(Data provided Opens)
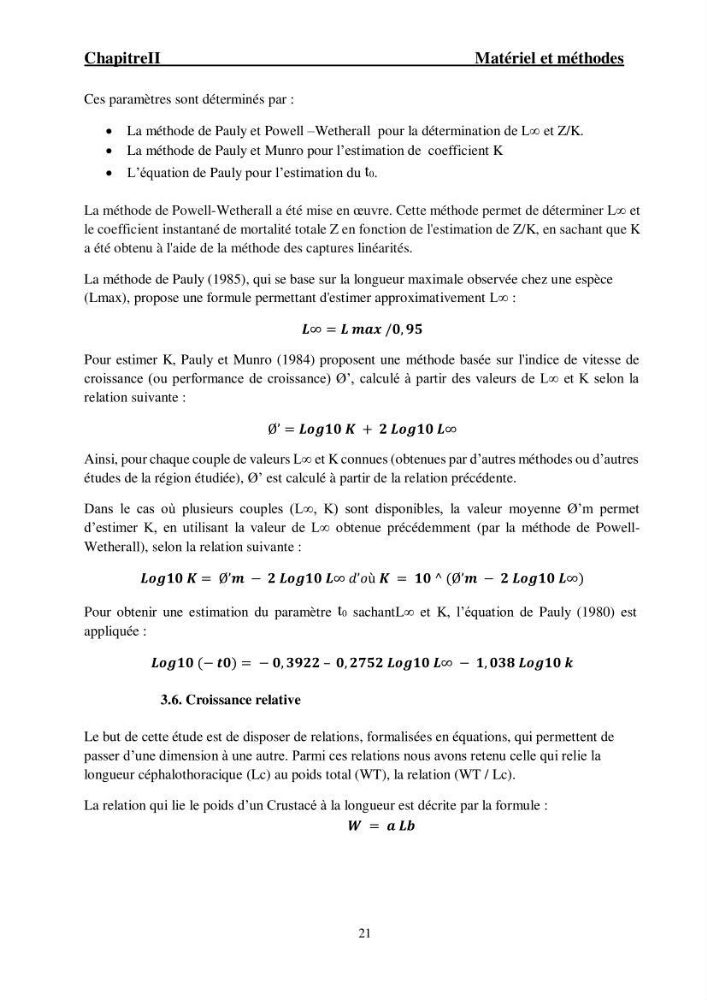 Ecologie et exploitation des crevettes Péneides dans le centre algérien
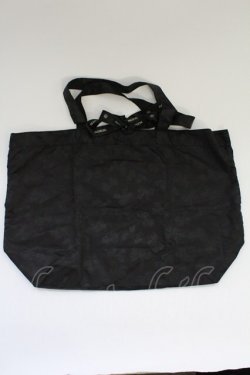 画像2: INGEBORG / リボンプリントバッグ  黒 T-25-10-29-015-LO-BG-SA-ZT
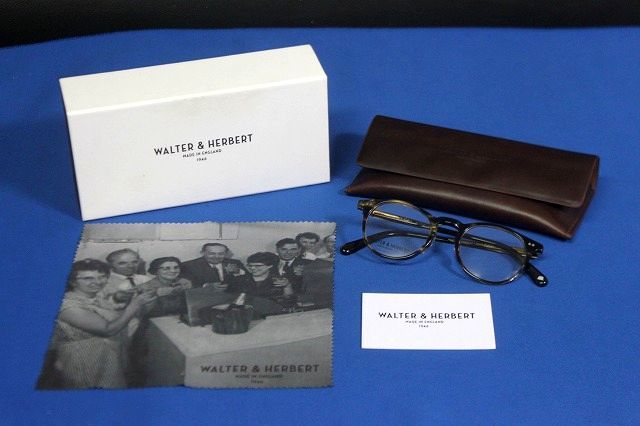 新品 WALTERHERBERT メガネフレーム Huxley A COL.3 47ロ21-145★送料350円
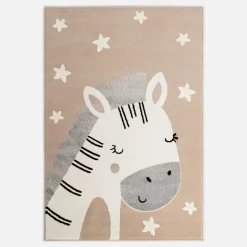 Dywan z zebrą kremowy STEP 200x290 cm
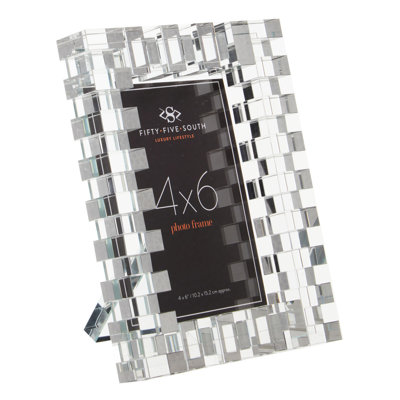 Mokszycki Clear Crystal Picture Frame with Mat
(Data provided Closes)
**Work instruction:** Leave out the pictures and print each record exactly as it stands.

**Answer area:**
 Ecologie et exploitation des crevettes Péneides dans le centre algérien
 画像2: INGEBORG / リボンプリントバッグ  黒 T-25-10-29-015-LO-BG-SA-ZT
 新品 WALTERHERBERT メガネフレーム Huxley A COL.3 47ロ21-145★送料350円
 Dywan z zebrą kremowy STEP 200x290 cm
 Mokszycki Clear Crystal Picture Frame with Mat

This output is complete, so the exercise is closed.